We conducted several simulations to check the ability of the model (and the estimation approach) to recover the model’s parameters in the presence of large levels of missing data. In all of the simulations we used the event parameter estimates from the original analysis based on 241 judges. We simulated responses of 300 new forecasters (with expertise parameters sampled from a standard normal distribution) to the same 157 binary events. We implemented two different missing data mechanisms (missing at random/AR; and missing not at random/NAR) and simulated data sets with different levels of incompleteness (20%, 40%, 60% and 80%). Under the NAR mechanism, we generated missing responses based on the forecasters’ location in the distribution of expertise and the pre-determined degree of sparsity.Footnote 13

Table 5 presents the correlations between the parameters used to simulate the responses and their recovered values. The corresponding Root Mean Squared Errors (RMSE) are shown in Table 6. In both tables, each column represents one of the 9 data sets. All the correlations are high and, as expected, they decrease, but only moderately, as a function of the rate of missing data, with only small differences between the missing data mechanisms. The values of the RMSEs also don’t change substantially from case to case, indicating that the model and the estimation algorithm tolerate both types of missing data mechanism and high degrees of sparsity.

Table 5. Correlations between true model parameters and recovered parameters for different combinations of missing mechanism and levels of missing data.

Table 6. RMSEs between true model parameters and recovered parameters for different combinations of missing mechanism and levels of missing data

7 Re-analysis the GJP data set

Encouraged by the results of these simulations, we applied the IRT forecasting model with the Brier scoring rule to a larger subset of the geopolitical forecasting data collected by GJP, with more missing data. In this analysis we included all judges who forecast at least 100 events, and all events that had at least 100 forecasts. The new data set included 393 forecasters and 244 events, and has 58,167Footnote 14 observations. The degree of missing data (relative to the complete data set with observations in all the unique combinations of an event and a forecaster) was 39.6%.
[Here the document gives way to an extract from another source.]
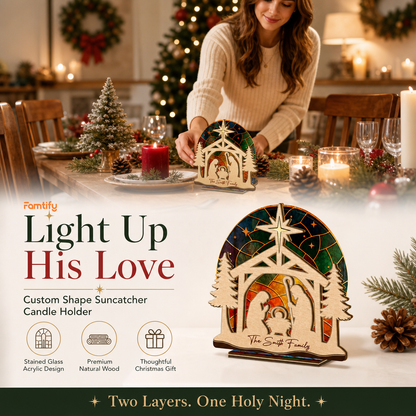 Personalized nativity family name suncatcher candle holder glowing on holiday table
After 60,000 iterations, the chains converged and the Gelman & Rubin’s (1992) measures for 875 out of 887 model’s parameters were between 1 and 1.3, and for the other 15 parameters were between 1.3 and 1.6. The correlation between the observed and predicted frequencies at the global level was almost 1.00, and the mean, event-specific, correlation was 0.97 (only 29 events had correlations below 0.7).

We used the 87 common events to correlate the two sets of event parameters and obtained high correlations: cor(b1, b2)=0.93, cor(a1, a2)=0.70. We used the 205 common forecasters to compare the two sets of expertise parameters and found cor1, θ2)=0.92. Expertise estimates from the model were highly correlated with Brier scores (−0.81). Both linear and polynomial regressions predicting expertise from Brier scores were estimated. The superiority of the polynomial regression (R 2 = 0.76) over the linear one (R 2 = 0.66) supports and reinforces the conclusion in the original analysis that the model captures specific features of the events when estimating the judges’ expertise.
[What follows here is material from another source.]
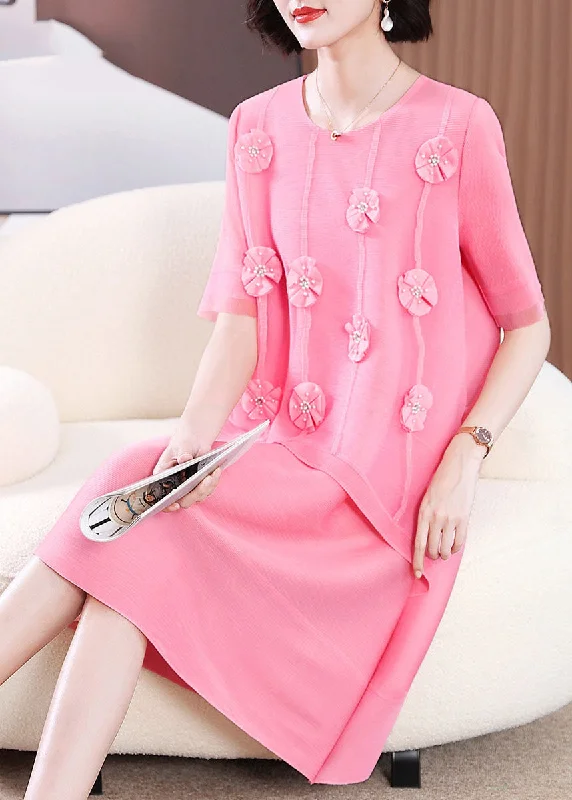 playful dressCute Pink O-Neck Floral Patchwork Long Dress Short Sleeve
Of the 393 forecasters, 126 (32%) were super forecasters. Figure 12 shows the boxplots of the expertise estimates of super forecasters and regular forecasters. The mean expertise estimate of the super forecasters (M=1.09, SD=0.88) was significantly higher than the mean estimate (M=−0.50, SD=0.58) of the regular forecasters (t=21.48, df=391, p<2.2e−16;Cohen’s d=2.17). The mean Brier score of the super forecasters is 0.20, with a standard deviation of 0.05, and the mean Brier score of the regular forecasters is 0.34 with a standard deviation of 0.10. The two-sample t-test for the forecasters’ Brier scores (t=-15.46,df=391,p < 2.2e−16; Cohen’s d=1.56). The value of Cohen’s d based on Brier scores is lower than that based on the expertise estimates, providing additional evidence of the superiority of the expertise scores.
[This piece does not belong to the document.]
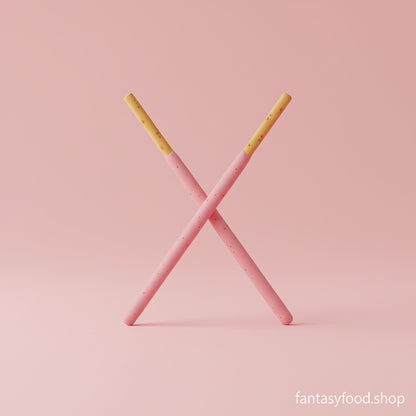 Composizione artistica minimal di Pocky alla fragola su sfondo rosa, ideale per social media e design.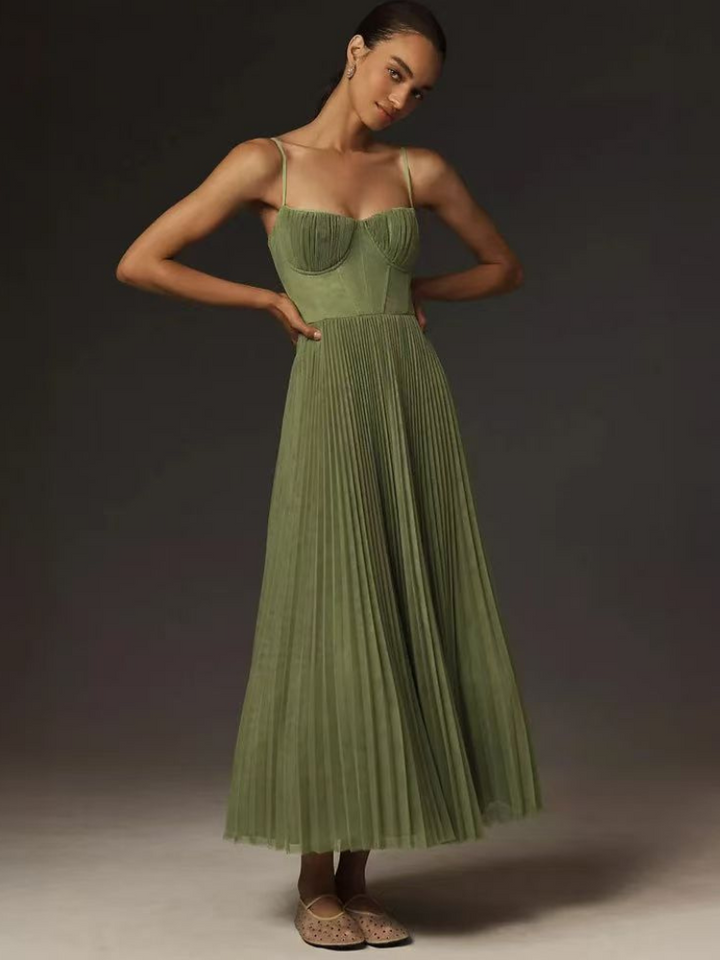 Chic olive green women's pleated maxi dress. Elegant sleeveless evening gown, perfect for formal occasions.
Figure 12. Super forecasters and regular forecasters’ expertise distributions. Y axes represent expertise estimates from our model.

8 Discussion

We proposed an IRT model for probabilistic forecasting. The novel and most salient feature of the model is that it can accommodate various proper scoring rules, such that the expertise parameters estimated from the model reflect the operational scoring rule used to incentivize and motivate the forecasters. The model and estimation algorithm can also handle large number of missing data generated by different mechanisms, including non-random processes. As such, this model can be applied to many forecasting contexts, including sports, elections, meteorology, and business settings.

Summary In addition to estimating individual expertise, the model provides estimates of important information about events which traditional methods cannot easily quantify. Both the event-discrimination and event-difficulty parameters describe event features that matter to practitioners in forecasting contexts.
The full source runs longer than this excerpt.